══ RECORDS TO PROCESS ══

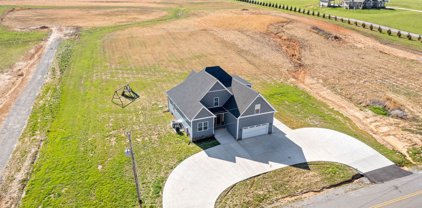 3872 Chapel Hill Rd, Clarksville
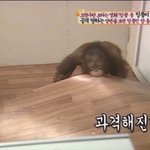 [댓글부탁해] 남친 정떨어지는데 내가 너무 못됐나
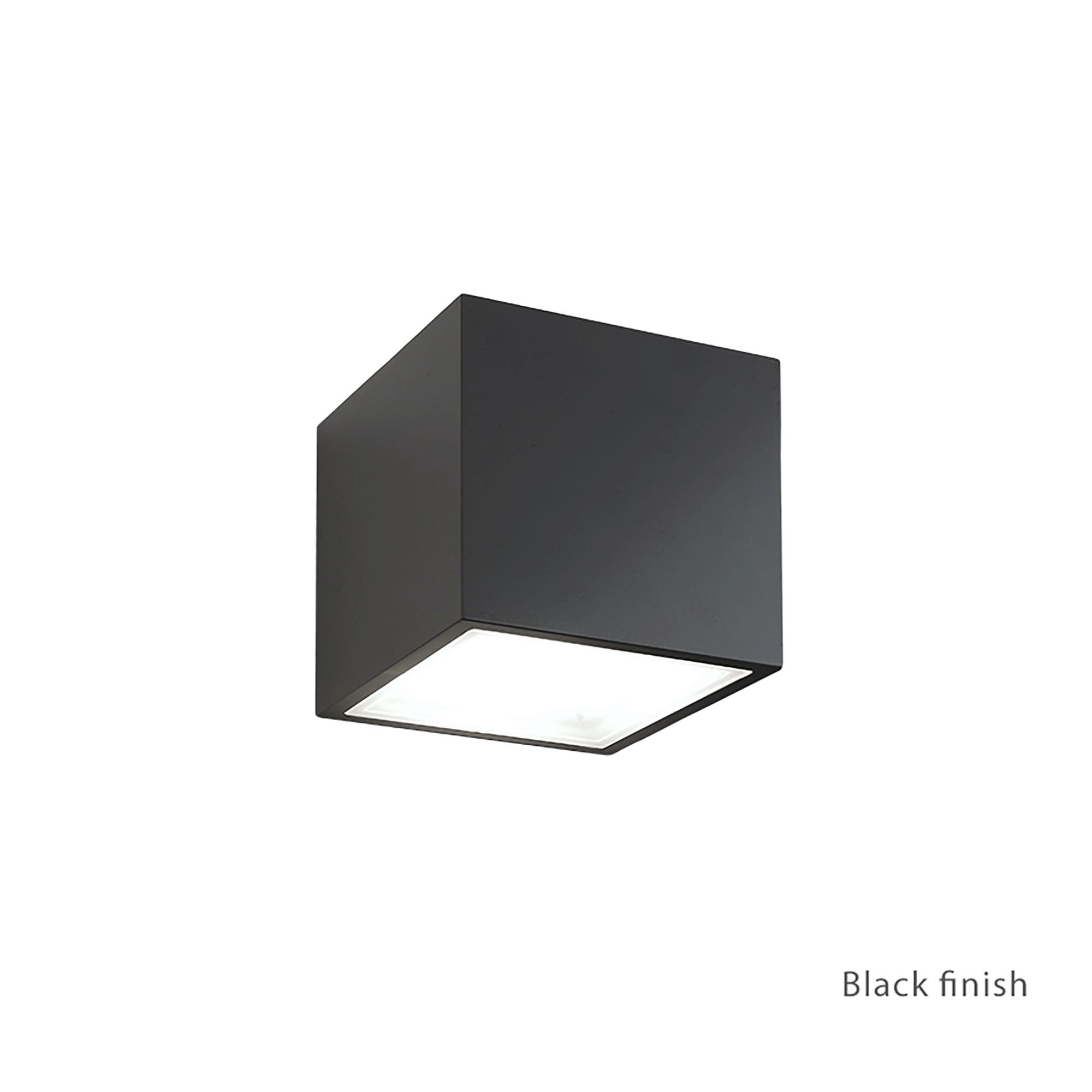 WS-W9202-27-BK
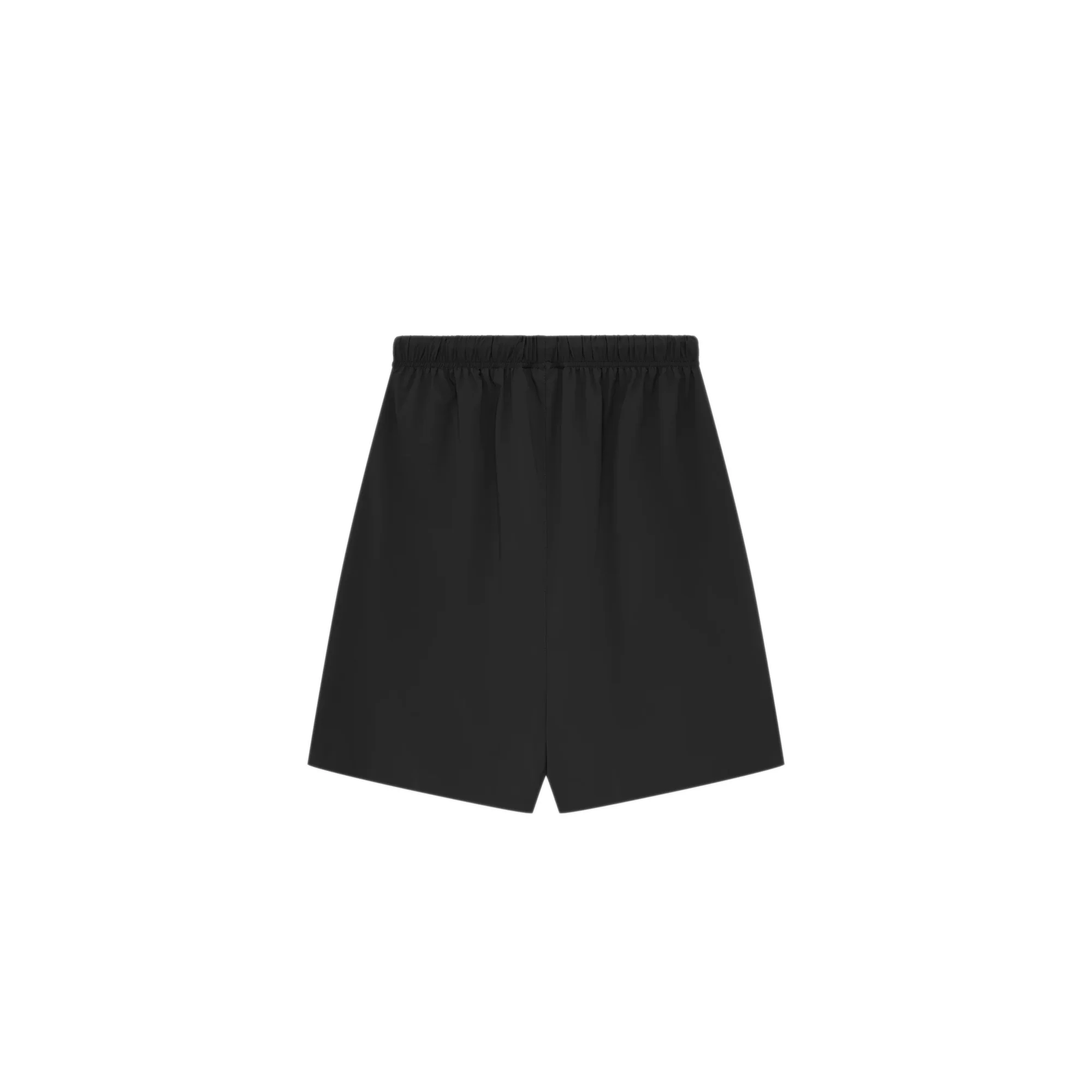 Fear of God Essentials Mens Relaxed Shorts - Image 2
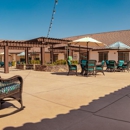 El Rio Memory Care Community - Assisted Living Facilities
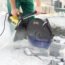 Stark 3200W Electric 16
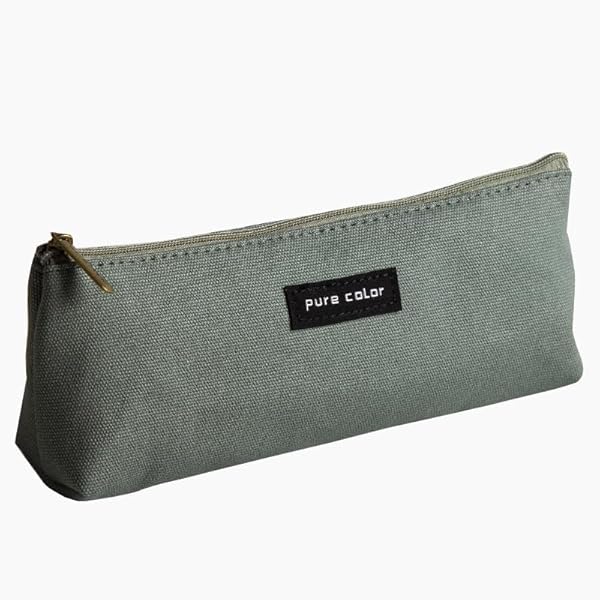 ڥ󥱡  ڥݡ  pencil case ڥ ץ եʡ 襤 ɮȢ ɮ ʸǼ  ̵ ¿ǽ Ҳ ...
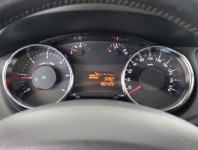 Peugeot 5008  1.6 HDi 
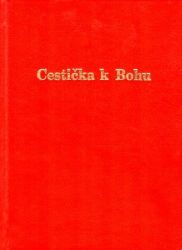 image:Image Cestička k Bohu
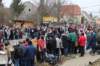 ringtreffen2018so348_small.jpg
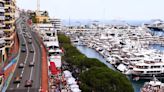 The Limitations, and Thrills, of the Monaco Grand Prix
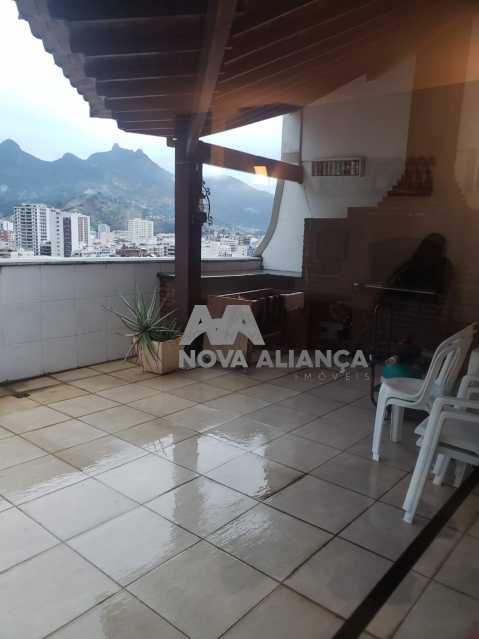 WhatsApp Image 2020-06-11 at 1 - 27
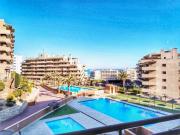 Piso en Venta en Elche Elx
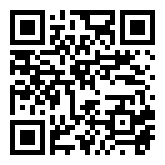 https://zhichengcha.com/newspage/a22109.html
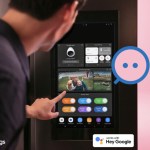IoT : Samsung accueillera les produits Nest de Google sur SmartThings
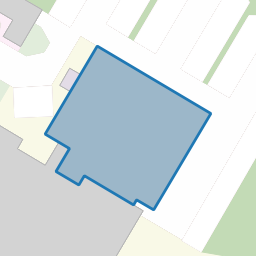 Perceel APD01-N-9337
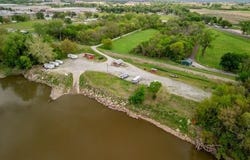 2803 SW Lower Lake Road, St Joseph, MO 64504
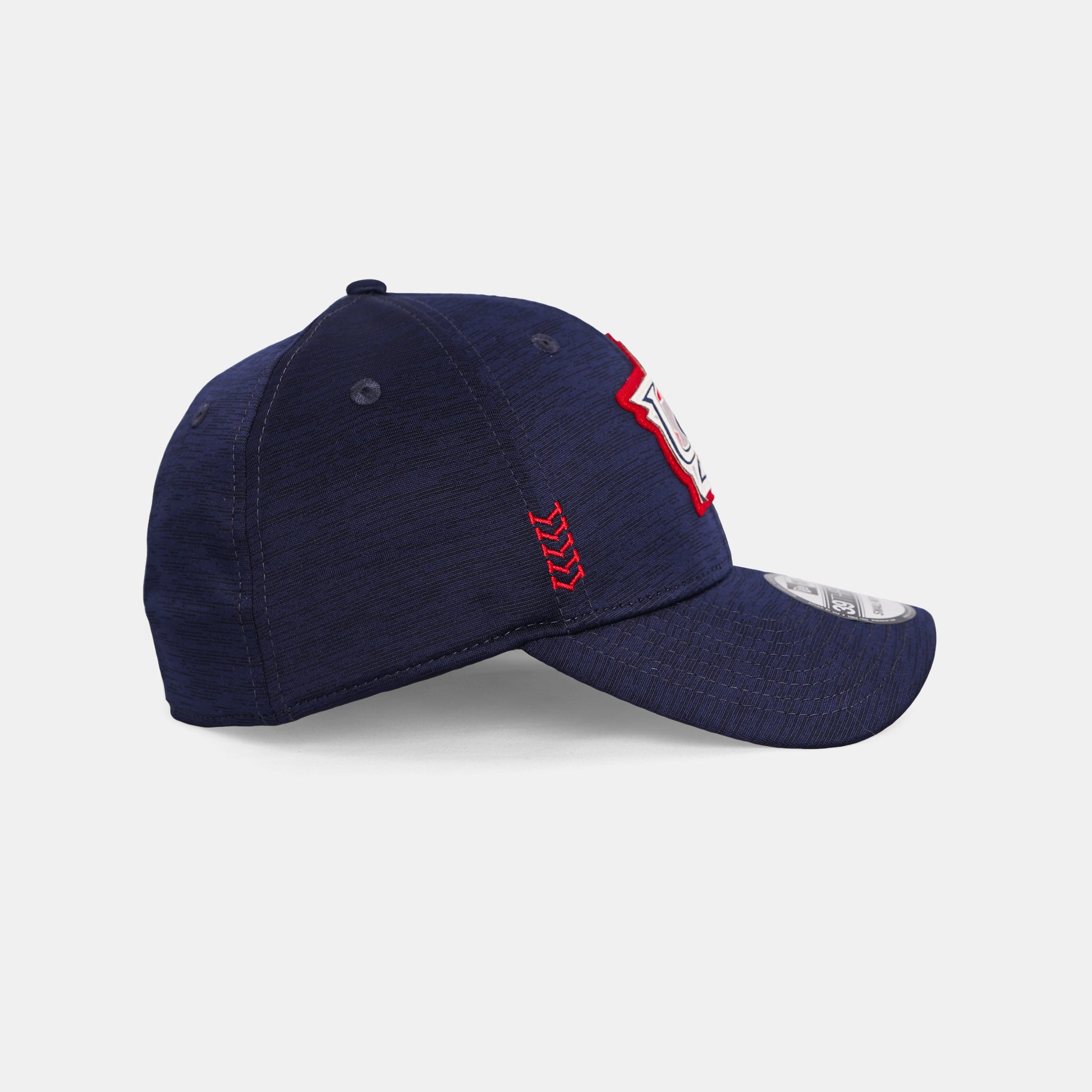2024 Clubhouse Collection 39THIRTY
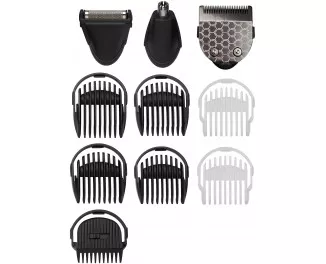 Машинка для стрижки BaByliss MT727E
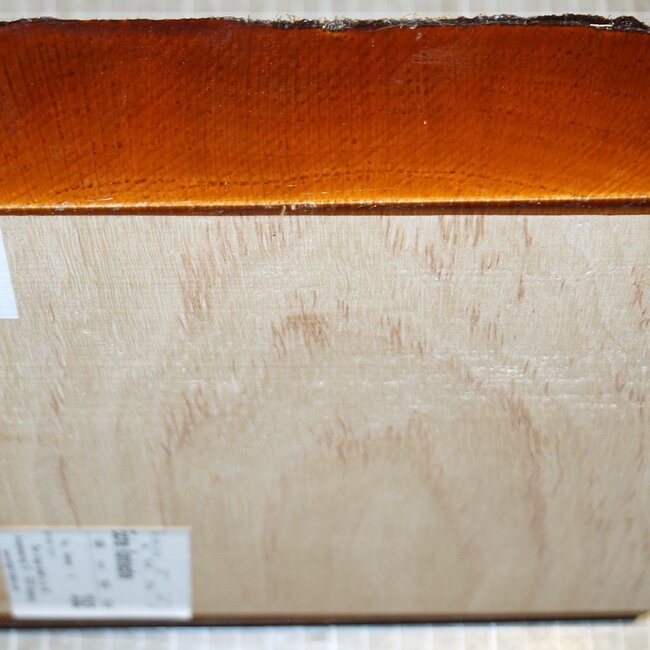 Cork Oak, approx. 210 x 205 x 50mm, 1,9kg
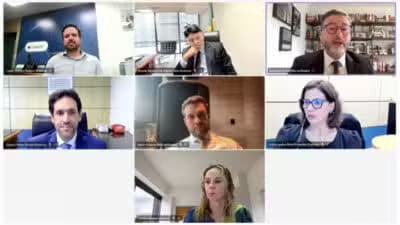 Imagem do post de destaque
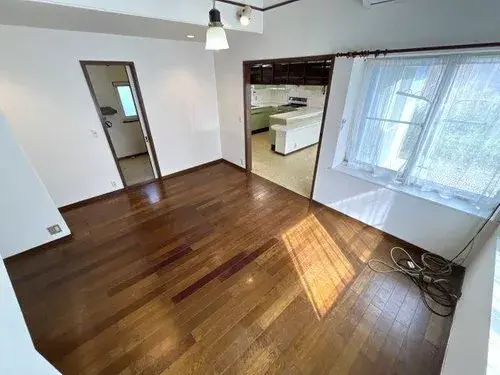 3LDK+S Bien immobilier Ville de Morioka Préfecture d'Iwate (6)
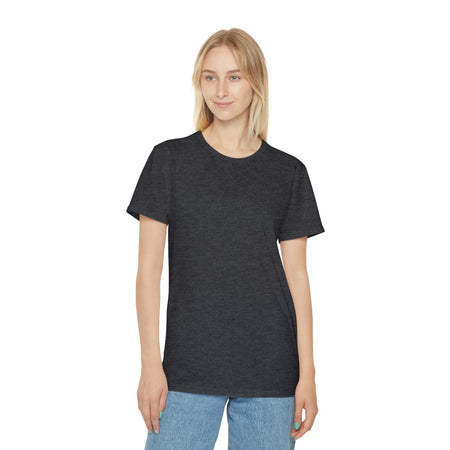 Fishing Enthusiast T-Shirt, Casual Gear, Gift for Anglers, Summer Wear, Outdoor Activities, The Tug is the Drug - Get Tight Gear
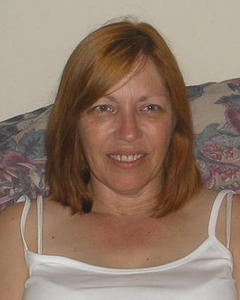 Woman, 65. austinlady73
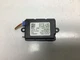 BMW 1 3 4 Series F20 F21 F30 F32 F36 F34 Control Unit Controller Touch 9347470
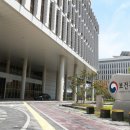 내일일자리키움센터 네이버블로그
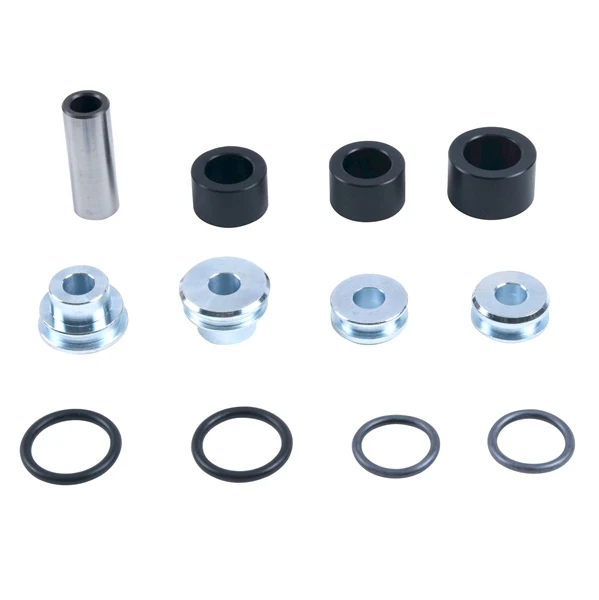 All Balls A-Arm Repair Kit POLARIS - 347104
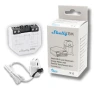 Превью Pro EM 50A Energy Meter with Contactor Control — Energy Monitor, Shelly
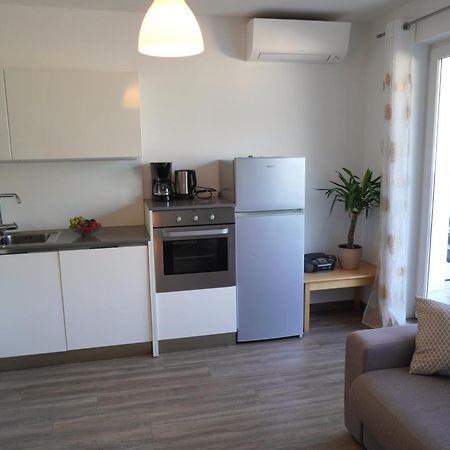 Apartment Roma メラーノ エクステリア 写真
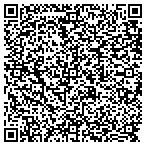 QR code with Magowan Communications Group LLC contacts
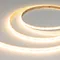 Минифото #5 товара Светодиодная лента COB-X560-10mm 24V Warm2700 (5-15 W/m, IP20, 5m) (Arlight, -)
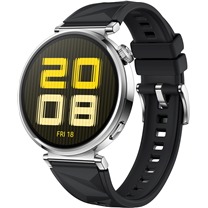 Huawei Watch GT 5 41mm Active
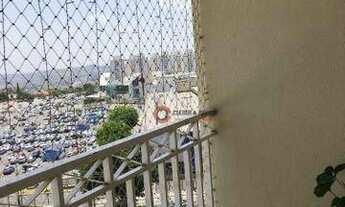 Imagem 5: Apto Claudia Vieiria - Campolim- Permuta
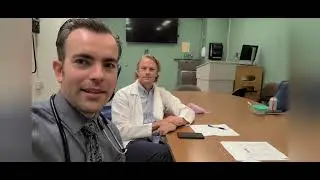 Numc Cardiology Fellowship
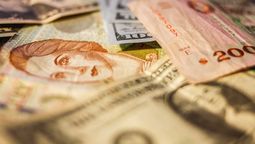 altText(Un análisis económico con foco en el ciclo electoral)}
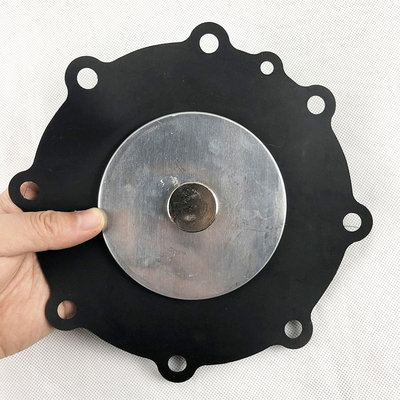 JOIL JIHI102 G4" Kit de reparación de diafragma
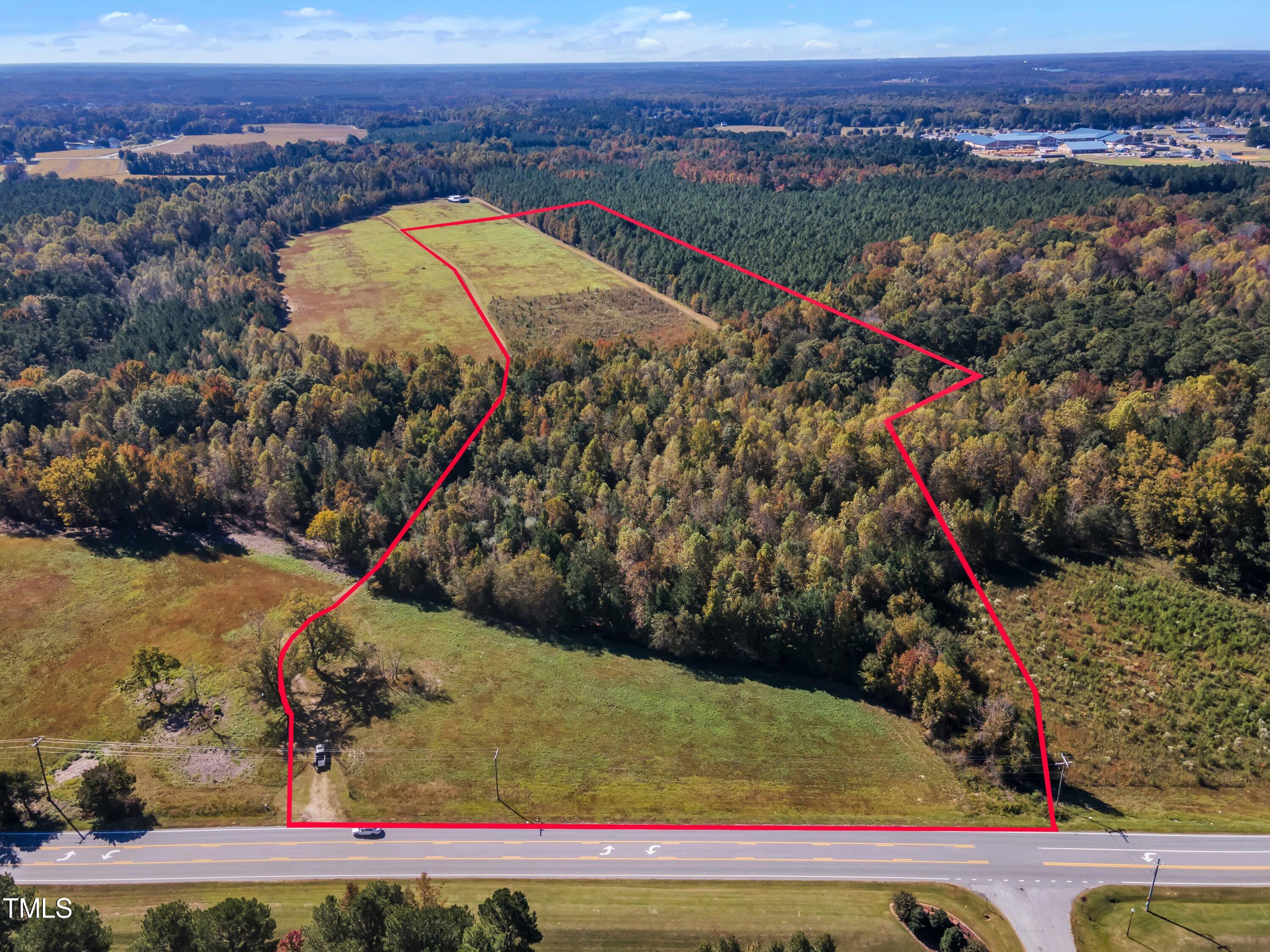 6603 Cleveland Road Clayton, NC 27520 - Photo 1 of 22 01-6603 Cleveland Rd-17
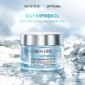 Jadikan Kulitmu Makin Oke dengan SKINTIFIC 5% Panthenol Acne Calming Water Gel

═══

**TASK**.
Leave out the pictures and print every line of the data exactly.

**TASK OUTPUT**.
 3872 Chapel Hill Rd, Clarksville
 [댓글부탁해] 남친 정떨어지는데 내가 너무 못됐나
 WS-W9202-27-BK
 Fear of God Essentials Mens Relaxed Shorts - Image 2
 El Rio Memory Care Community - Assisted Living Facilities
 Stark 3200W Electric 16
 ڥ󥱡  ڥݡ  pencil case ڥ ץ եʡ 襤 ɮȢ ɮ ʸǼ  ̵ ¿ǽ Ҳ ...
 Peugeot 5008  1.6 HDi 
 image:Image Cestička k Bohu
 ringtreffen2018so348_small.jpg
 The Limitations, and Thrills, of the Monaco Grand Prix
 WhatsApp Image 2020-06-11 at 1 - 27
 Piso en Venta en Elche Elx
 https://zhichengcha.com/newspage/a22109.html
IoT : Samsung accueillera les produits Nest de Google sur SmartThings
 Perceel APD01-N-9337
 2803 SW Lower Lake Road, St Joseph, MO 64504
2024 Clubhouse Collection 39THIRTY
 Машинка для стрижки BaByliss MT727E
 Cork Oak, approx. 210 x 205 x 50mm, 1,9kg
 Imagem do post de destaque
 3LDK+S Bien immobilier Ville de Morioka Préfecture d'Iwate (6)
 Fishing Enthusiast T-Shirt, Casual Gear, Gift for Anglers, Summer Wear, Outdoor Activities, The Tug is the Drug - Get Tight Gear
 Woman, 65. austinlady73
 BMW 1 3 4 Series F20 F21 F30 F32 F36 F34 Control Unit Controller Touch 9347470
 내일일자리키움센터 네이버블로그
 All Balls A-Arm Repair Kit POLARIS - 347104
 Превью Pro EM 50A Energy Meter with Contactor Control — Energy Monitor, Shelly
 Apartment Roma メラーノ エクステリア 写真
 QR code with Magowan Communications Group LLC contacts
 Минифото #5 товара Светодиодная лента COB-X560-10mm 24V Warm2700 (5-15 W/m, IP20, 5m) (Arlight, -)
 Huawei Watch GT 5 41mm Active
 Imagem 5: Apto Claudia Vieiria - Campolim- Permuta
 Numc Cardiology Fellowship
 altText(Un análisis económico con foco en el ciclo electoral)}
 JOIL JIHI102 G4" Kit de reparación de diafragma
 6603 Cleveland Road Clayton, NC 27520 - Photo 1 of 22 01-6603 Cleveland Rd-17
 Jadikan Kulitmu Makin Oke dengan SKINTIFIC 5% Panthenol Acne Calming Water Gel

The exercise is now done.